Back in 2010 I wrote some articles about Gen. George Washington’s decision in July 1775 to adopt a blue sash or “ribband” across his chest as the sign of his rank in the new Continental Army.
It turns out that Washington’s riband might survive in the collections of Harvard University’s museums, having come back to Cambridge after passing through the hands of painter Charles Willson Peale, who owned a museum himself.
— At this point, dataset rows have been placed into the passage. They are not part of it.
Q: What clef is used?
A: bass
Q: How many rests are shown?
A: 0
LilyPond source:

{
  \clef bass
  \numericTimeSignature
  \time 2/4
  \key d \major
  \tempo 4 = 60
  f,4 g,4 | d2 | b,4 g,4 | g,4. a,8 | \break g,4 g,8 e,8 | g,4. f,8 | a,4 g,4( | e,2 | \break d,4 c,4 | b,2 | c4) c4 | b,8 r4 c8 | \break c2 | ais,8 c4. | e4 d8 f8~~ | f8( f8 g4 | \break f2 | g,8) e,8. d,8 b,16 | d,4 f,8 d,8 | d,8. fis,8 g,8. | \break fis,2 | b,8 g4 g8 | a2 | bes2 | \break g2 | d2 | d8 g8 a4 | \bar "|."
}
In this Common-Place article, Philip C. Mead of the Museum of the American Revolution writes of the general:
The decoration he chose, a blue silk moiré ribbon worn across his breast, made allusions to both one of the traditional colors of Whigs, the British political party with which American Revolutionaries identified, and the aristocratic decorations of Europe. At first, he wore the ribbon regularly, and then only on ceremonial occasions and in battles, until he phased the decoration out in 1779, replacing it with stars on his epaulettes. Examples of Washington’s epaulettes have survived and appeared in several publications, but his silk ribbon has remained largely obscure among students of Washington objects and the American Revolution.Harvard received the artifact in 1899 and immediately loaned it to the Old South Meeting-House, one of Boston’s historic sites most associated with the Revolutionary War. It stayed there until shortly after the Bicentennial. When it came back to Harvard, the cloth no longer had its label from Peale’s museum, and, more importantly, the cultural climate had changed since its first arrival. Both museum curation and historiography had become more professionalized, a process that encourages skepticism about the claims of tradition and enthusiastic amateurs. So was this artifact genuinely the general’s?
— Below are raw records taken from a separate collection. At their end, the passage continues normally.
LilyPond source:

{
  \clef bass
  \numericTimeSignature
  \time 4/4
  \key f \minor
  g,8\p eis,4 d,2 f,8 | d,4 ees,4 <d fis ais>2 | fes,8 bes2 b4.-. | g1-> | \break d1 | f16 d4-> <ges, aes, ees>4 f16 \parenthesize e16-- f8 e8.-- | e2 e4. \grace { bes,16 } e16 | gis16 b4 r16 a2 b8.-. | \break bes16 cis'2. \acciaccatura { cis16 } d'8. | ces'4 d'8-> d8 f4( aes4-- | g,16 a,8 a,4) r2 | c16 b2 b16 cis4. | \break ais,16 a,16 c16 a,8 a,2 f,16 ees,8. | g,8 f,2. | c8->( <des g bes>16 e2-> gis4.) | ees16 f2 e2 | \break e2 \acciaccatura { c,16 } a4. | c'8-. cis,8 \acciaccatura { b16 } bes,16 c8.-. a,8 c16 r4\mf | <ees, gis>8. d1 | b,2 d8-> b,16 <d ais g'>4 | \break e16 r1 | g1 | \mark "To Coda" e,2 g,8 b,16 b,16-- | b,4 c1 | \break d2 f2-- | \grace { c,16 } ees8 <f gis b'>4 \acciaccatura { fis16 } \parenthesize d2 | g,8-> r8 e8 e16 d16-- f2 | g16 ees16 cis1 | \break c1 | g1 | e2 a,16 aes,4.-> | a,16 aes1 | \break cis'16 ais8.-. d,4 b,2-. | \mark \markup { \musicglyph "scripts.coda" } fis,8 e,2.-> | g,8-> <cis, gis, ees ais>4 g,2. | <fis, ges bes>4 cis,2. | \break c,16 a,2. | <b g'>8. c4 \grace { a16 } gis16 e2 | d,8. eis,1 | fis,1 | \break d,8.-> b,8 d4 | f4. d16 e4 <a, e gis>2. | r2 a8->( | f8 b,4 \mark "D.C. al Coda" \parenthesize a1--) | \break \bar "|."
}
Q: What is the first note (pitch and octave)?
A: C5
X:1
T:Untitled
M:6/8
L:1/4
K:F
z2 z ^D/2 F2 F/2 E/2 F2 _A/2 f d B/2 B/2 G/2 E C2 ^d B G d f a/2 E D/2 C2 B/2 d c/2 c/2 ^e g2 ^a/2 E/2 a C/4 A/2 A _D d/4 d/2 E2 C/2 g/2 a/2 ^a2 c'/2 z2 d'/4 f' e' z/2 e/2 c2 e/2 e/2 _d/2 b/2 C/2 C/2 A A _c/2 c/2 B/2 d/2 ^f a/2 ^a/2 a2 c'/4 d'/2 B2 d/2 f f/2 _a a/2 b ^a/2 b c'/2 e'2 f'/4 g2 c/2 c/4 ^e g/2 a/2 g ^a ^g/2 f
A recently re-examined silk moiré ribbon in the collections of Harvard University’s Peabody Museum of Archaeology and Ethnology may well be the very ribbon depicted in the Washington portrait paintings by the Revolutionary artist Charles Willson Peale. It may even have been the one worn by Washington from 1775 to 1779 as referenced in various writings during the war. It may also be the ribbon displayed at Peale’s museum in the nineteenth century.
Mead’s investigation includes the process of making “watered” silk, how this riband compared to what Peale painted in the 1770s, why Washington stopped wearing the sash midway through the war, and how such an artifact does and doesn’t fit into the mission of the museums where it has appeared.
Now if this sash belonged to the Harvard Art Museums, it might be possible to request a personal examination through Harvard’s Art Study Center. But it came to the Peabody Museum. So I don’t know how it might be seen.